The Legislative Framework / Jurisprudence and Application to the Facts in this Appeal
A. Issue #1: Whether the Appellant acted as an agent of the Frontender in its dealings with the Latecomer
 Professor Gerald Fridman in Canadian Agency Law (2nd ed., Markham: LexisNexis Canada Inc., 2012) at page 4, defined “agency” in the following manner:
… the relationship that exists between two persons when one, called the agent, is considered in law to represent the other, called the principal, in such a way as to be able to affect the principal’s legal position by the making of contracts or the disposition of property.
 In Merchant Law, the Federal Court of Appeal, at paragraph 15, approved GST/HST Policy Statement P-182R as a “useful tool” when determining whether agency may exist between two parties. That policy statement, at page 3, sets out the following three essential qualities that are indicative of an agency relationship:
1. Consent of both the principal and the agent;
2. Authority of the agent to affect the principal’s legal position; and
3. The principal’s control of the agent’s actions.
 In addition, the policy statement, at pages 5 to 7, sets out the following eight indicators that may be helpful in determining whether the three essential qualities of agency exist in a particular relationship:
Assumption of Risk
An agent usually does not assume the risk of loss from a transaction with a third party. For example, if the value of property diminishes after it is acquired from the third party, the loss normally would be borne by the principal. This is not to say that an agent does not bear any risk at all. For example, an agent could be liable for damages caused by its own negligence. …
A person’s accounting practices may reveal how the person perceives its role in a relationship. For example, an agent will generally not record in its books, as expenses, amounts paid toward the cost of property or services acquired in its capacity as an agent. Similarly, the agent will not record, as revenues, amounts received for property or services supplied as agent. Moreover, an agent will generally not record an acquisition made in its capacity as an agent as an asset and will not record an obligation incurred as an agent as a liability.
In addition, the fact that a person segregates from its own funds any monies received or paid in connection with another person is indicative of an agency relationship. …
Remuneration of an agent generally takes the form of a set fee. This fee is sometimes referred to as a commission. However, sometimes an agent may be paid an hourly wage.

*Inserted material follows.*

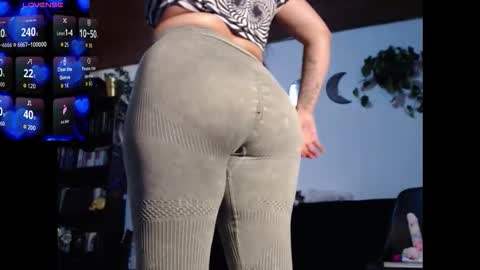 Snapshot of exoticdream18 chatting on March 10, 2026, 5:34 am MissExoticD1 online show from March 10, 2026, 5:34 am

An agent usually undertakes to use its best efforts in acting for a principal but does not guarantee a certain result. …
Alteration of Property Acquired
In general, agents do not alter the nature of property acquired from a third party before it is passed on to the principal, although this is also true in many cases where someone acquires property from a third party otherwise than as agent.
Use of Property or Service
Where a person acquires property or services, the consumption or use of the property or services by the person generally indicates that the person did not acquire them as agent on behalf of another person. …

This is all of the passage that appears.